Steve Erickson Charts a New Course in Wonderland
- Roots Magazine
- 5 days ago
- 3 min read

In a day job that sounds more like a former life, Steve Erickson was a successful public relations exec on the East Coast, who thought “about writing songs,” he says, “long before I actually wrote them down.” All that changed in 2012, when he released his first album, It’s About Time. Now, in the last quarter of 2025, after five albums' worth of songs he’s written down, Erickson has released a four-song EP called Wonderland.
Erickson’s music typically leans toward country and folk forms with a bluesy tonality hovering over it here and there. In 2024, he took a deep dive into Appalachian music on his album, Crooked Road. During those sessions, he recorded the heartland rocker “Wonderland,” an expansive song that opens with piano and organ filling the gaps between acoustic guitar, bass, and drums. Written from the experience of being a support to a friend facing substance abuse, “Wonderland” brings the listener into a struggle that is often characterized by “one step forward, two steps back,” as the consequences of time lost to addiction so often push the recovering person back into the arms of drug use, which are always wide open.
Realizing that “Wonderland” didn’t fit with Crooked Road, he hoisted the song up as a main sail and built a new ship underneath it. The resulting EP navigates feelings of disillusionment and weariness as it draws on a more electric musical palette. Not that the difference is jarring. Erickson’s smooth, relatable voice still tackles his melodies with deliberate phrasing and clear enunciation, and his acoustic guitar is, for the most part, still the foundation of his songs.
But from the first notes of the slow grinding slide guitar on “Wonderland,” listeners familiar with his sound will recognize a subtle change of urgency, which becomes explicit on “One More Day.” This song is driven by distorted electric guitars chunking out the rhythm while the organ smooths out the chord changes. Erickson sings lower than he normally does, giving his voice a presence that carries much of the song’s urgency. Erickson often sounds like your affectionate uncle is singing to you, but here, especially on the verses, his voice takes on a Michael Stipe-like quality that feels vaguely threatening as he describes the societal fallout of endless finger-pointing, singing, “It’s all burning while we watch, getting closer to the flame.”

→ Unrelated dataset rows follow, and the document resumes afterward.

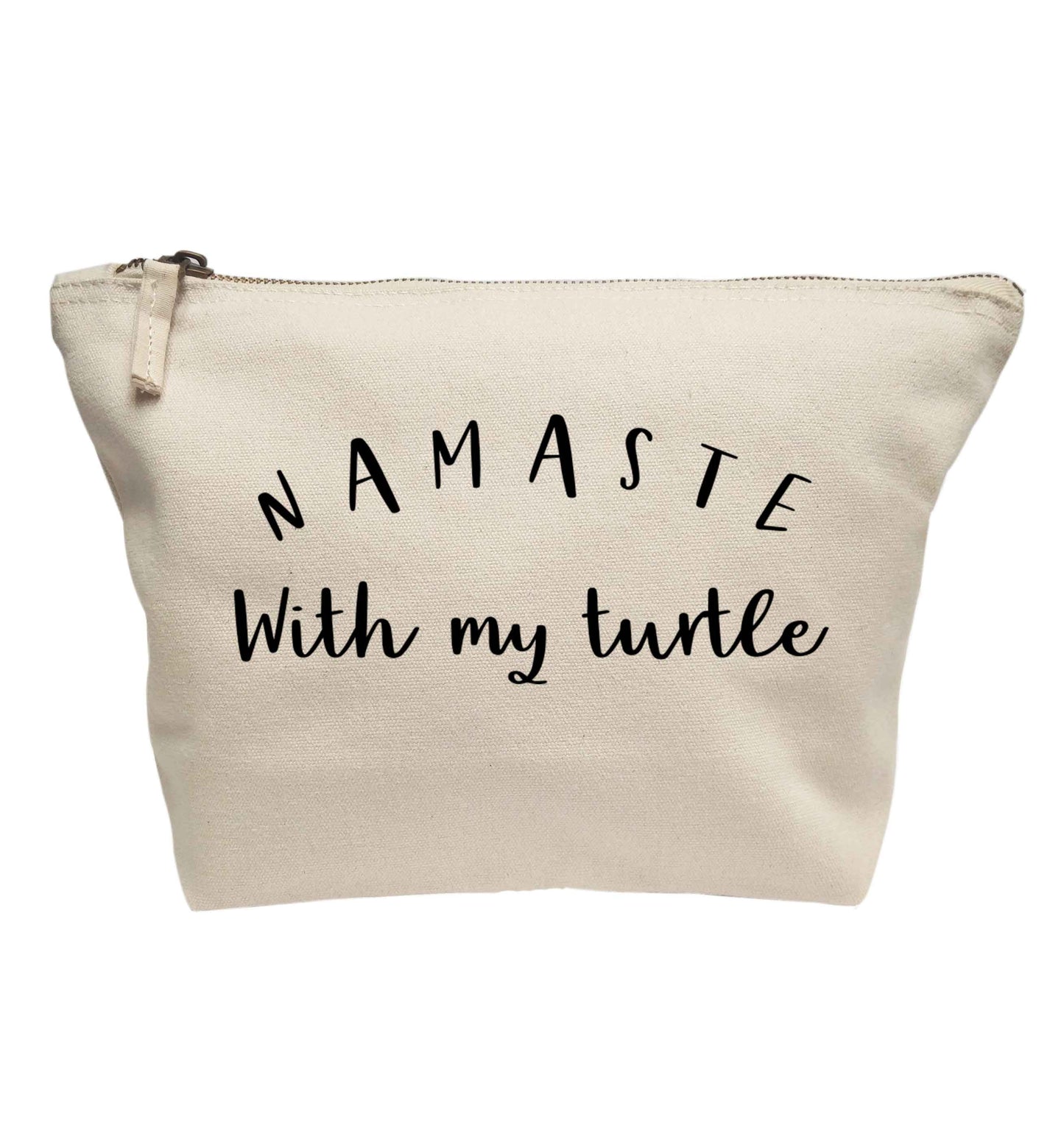 Namaste with my turtle | makeup / wash bag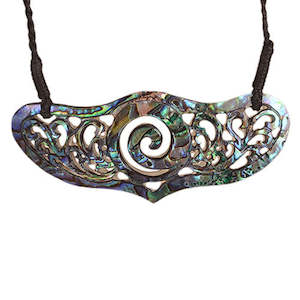 Paua Shell Items: Detailed Paua carved necklace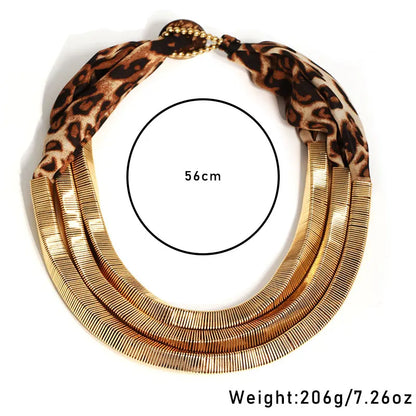 Statement Vintage Leopard Chains Necklace Women Girl Trendy Vintage Wedding Party Jewelry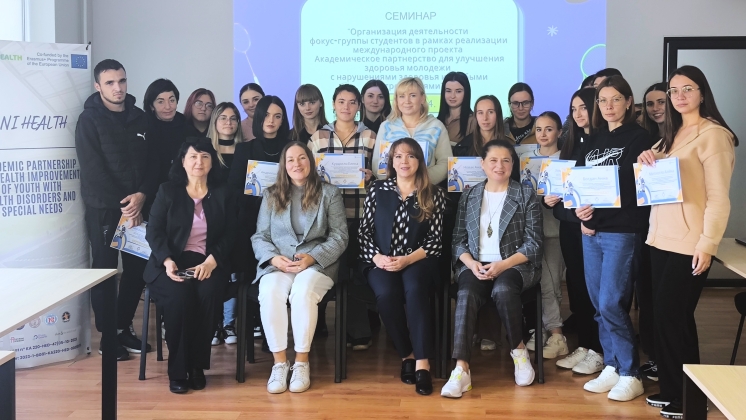 At Comrat State University, a seminar was held within the framework of the international project UNI HEALTH
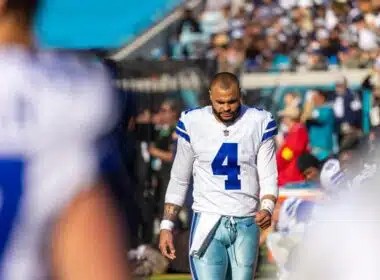 Dak Prescott playing in the NFL for Dallas Cowboys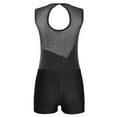 thumbnail image 4 of YiZYiF Girls Gymnastics Wear 2 Piece Sets Sleeveless Ballet Leotard and Shorts for Training Dance Hot Pink&Black 16, 4 of 7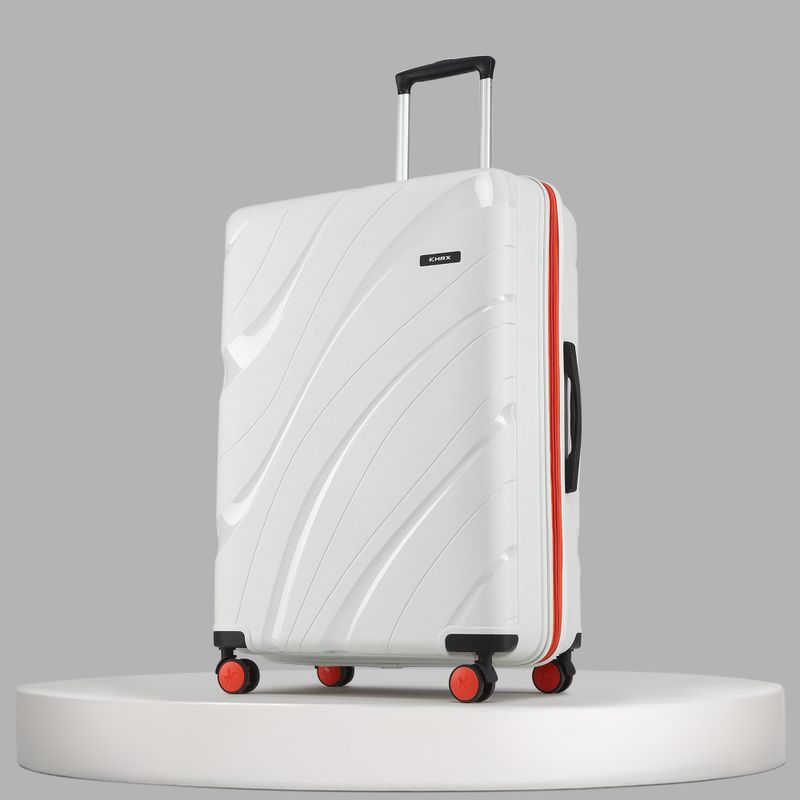HRX HRX Check-in Suitcase (76.5 cm) 8 Wheels - Madrid - Silver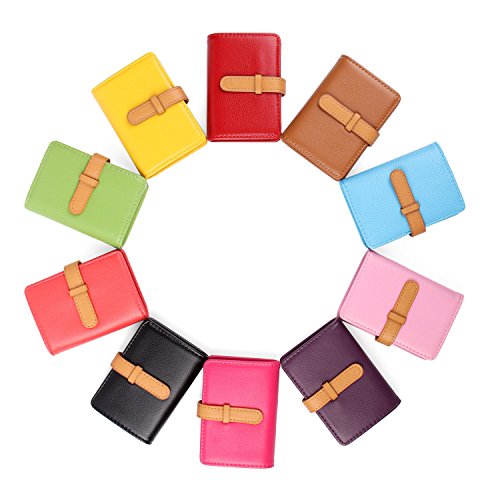 10 Colori Porta Carte di Credito Pelle per Donna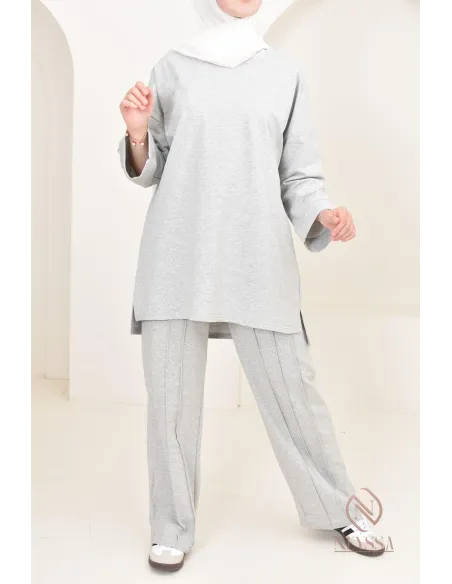 ensemble modeste femme sportwear, tissu coton agréable à porter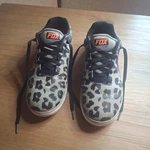 Fox Motion Racing Transfer Sneakers Grey/black Leopard Print Men's Size 8. Fixed Price $34.99.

Whoever plays lead guitar (I scoured his website but couldn’t find a list of musicians for these sessions) is the icing on the cake for this number and probably the EP’s throughline, bridging the anxious “Fade Away” to the resigned “Blacker Shade of Blue.” The clean, quiet guitar fills on “Fade Away,” a song where the singer is on the cusp of losing love, elevate the melody while staying out of the singer’s way and giving room for the beautifully played piano. After playing expansively on “One More Day,” the lead guitar returns to position A on the closing ballad, “Blacker Shade of Blue,” filling in behind Erickson’s voice and sharing the space with a dobro. If the singer is facing a relationship in decline on “Fade Away,” he finds himself alone on “Blacker Shade of Blue.” The dobro slides in beautifully to the feeling of a lonely, ongoing journey, marking the last of the shifts of sonic textures these four songs represent.
One wonders if Wonderland is a complete statement or an indication of things to come. It ends with Erickson singing, “My feet are shuffling down an old avenue/ And I get so lonely thinking of you/ Now that I found me a blacker shade of blue.” One gets the feeling that this avenue, and its soundscape, has a few more miles to it. If that’s the case, it can only be a good thing because Wonderland contains some of Erickson’s best performances.